Cuenta una antigua leyenda que un sabio anciano vivía en las afueras de una pequeña ciudad de provincia. El hombre era muy conocido no sólo por su sabiduría, sino también por su buena suerte.
En la misma ciudad vivía también un joven que, aunque honesto, estaba obsesionado por la suerte, la fama y la riqueza. Su búsqueda y esfuerzos no daban resultado y la «diosa vendada» no quería sonreírle. El joven ya no sabía qué hacer y estaba al borde de la depresión, cuando se le ocurrió ir a ver al sabio para pedirle el secreto de su éxito. En efecto, todo lo que precisaba saber el sabio se lo podría proporcionar, ya que él todo lo que emprendía le salía redondo. No le faltaba ni hogar ni comida ni ropa. La gente lo respetaba y veneraba. Verdaderamente no carecía de riqueza espiritual, pero tampoco de medios materiales.
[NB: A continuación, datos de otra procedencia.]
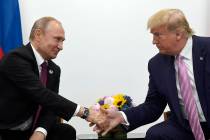 In this June 28, 2019, file photo, President Donald Trump, right, shakes hands with Russian Pre ...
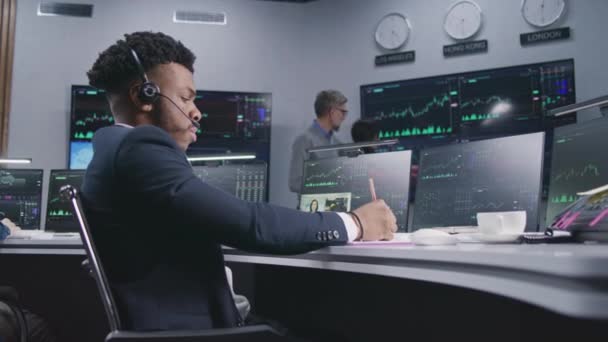 非裔美国商人在电脑上做笔记和工作 并展示实时股票 同事们在大屏风的背景下分析外汇市场图表 加密货币交易和投资 — 图库视频影像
Aquel día, el joven se levantó muy temprano para evitar las colas interminables que se formaban para pedir consejo al anciano. Se vistió y arregló con esmero y se dirigió a la morada del sabio. Llamó al portal y el sabio le recibió amablemente. Una vez terminadas las presentaciones de rigor el joven fue directamente al grano y dijo:
—La razón de mi visita es sencilla: querría saber tu secreto para vivir tan holgadamente. Verás, he notado que no te falta de nada, mientras que a mí me falta todo y eso a pesar de mis esfuerzos y voluntad por conseguirlo. Aunque sé que mucha gente posee bienes materiales, pero son infelices, en cambio a ti no te falta tampoco la felicidad. Dime, ¿cuál es tu secreto?
El sabio le miró atentamente y sonrió diciéndole:
—Mi respuesta también es sencilla; el secreto de mi buena suerte es que yo robo…
—¡Lo sabía! —exclamó el joven—. Tenía que haberlo deducido por mí mismo.
—¡Espera! Todavía no he acabado, —dijo el anciano, pero el joven ya había salido corriendo exultante.
El sabio intentó darle alcance pero no pudo, para explicarle lo que quería decir con sus palabras.
Tras la visita al sabio la vida del joven cambió radicalmente: empezó a robar aquí y allá, a revender las cosas sustraídas y a enriquecerse. Cometió toda clase de hurtos; robaba en tiendas y casas, y la fortuna parecía haber empezado a sonreírle, pero fue pillado y capturado por las autoridades. Fue procesado por numerosos delitos y condenado a cinco años de dura cárcel. Durante su estancia en la prisión tuvo tiempo de meditar y llegó a una conclusión. Según sus deducciones el anciano se había burlado de él y más idiota había sido él mismo por seguir tan necio consejo. Se prometió que una vez saliera volvería a ver al anciano para darle su merecido.
Los años pasaron y el joven, tras pagar su deuda con la sociedad, fue puesto en libertad. Nada más salir, ni siquiera pasó por su casa, se fue directamente a la residencia del sabio. Tras llamar impacientemente a la puerta, el sabio abrió.
—¡Ah, eres tú! —le dijo—.
—Sí, soy yo y he venido para decirte lo inútil que eres, viejo tonto. ¿Sabías que gracias a tu consejo me he pasado los últimos cinco años de mi vida en la cárcel? Si todos los consejos que das son así, menudos imbéciles somos los que te escuchamos.
El anciano le escuchaba con paciencia y cuando la rabia del joven remitió, así le contestó:
—Comprendo tu rabia, pero el artífice de tu desdicha eres tú y solamente tú, sobre todo por tu incapacidad de escuchar. Cuando viniste aquí hace cinco años te dije la verdad, te dije mi método para asegurarme la dicha, solo que tú no quisiste oír más y entendiste lo que quisiste. Cuando te dije que yo robo, es verdad, solo que no robo a los humanos. Robo aire, luz, agua y energía. Robo «chi». Verás, robo al «Tao» porque el «Tao» es vacío y utilizándolo nunca rebosa, se vacía sin agotarse y su función no se agota nunca. De ahí toda mi dicha.